*** Opening of Entries provided ***
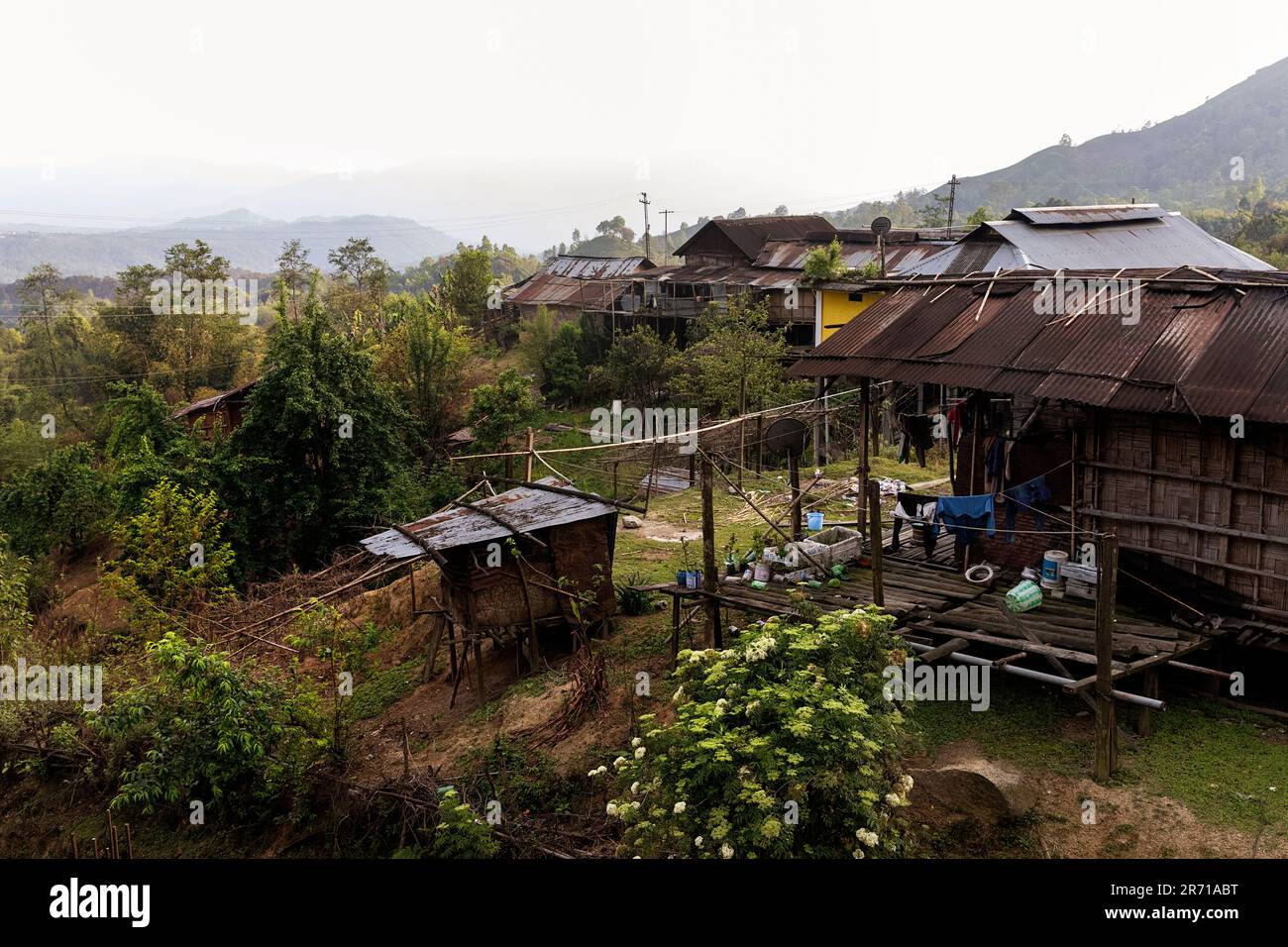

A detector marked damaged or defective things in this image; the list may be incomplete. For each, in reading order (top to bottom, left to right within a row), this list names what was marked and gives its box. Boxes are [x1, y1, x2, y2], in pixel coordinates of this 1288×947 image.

rusty metal roof [499, 271, 625, 309]
rusty metal roof [538, 255, 654, 277]
rusty metal roof [675, 213, 834, 259]
rusty metal roof [901, 208, 1272, 275]
rusty metal roof [788, 270, 1288, 425]
rusty metal roof [358, 476, 618, 559]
*** Close of Entries provided ***
*Task:* Pictures stay out; everything else in the listing above gets restated word for word.

*Response to this task:*
A detector marked damaged or defective things in this image; the list may be incomplete. For each, in reading order (top to bottom, left to right within a row), this list names what was marked and gives its box. Boxes are [x1, y1, x2, y2], in pixel coordinates of this 1288×947 image.

rusty metal roof [499, 271, 625, 309]
rusty metal roof [538, 255, 654, 277]
rusty metal roof [675, 213, 834, 259]
rusty metal roof [901, 208, 1272, 275]
rusty metal roof [788, 270, 1288, 425]
rusty metal roof [358, 476, 618, 559]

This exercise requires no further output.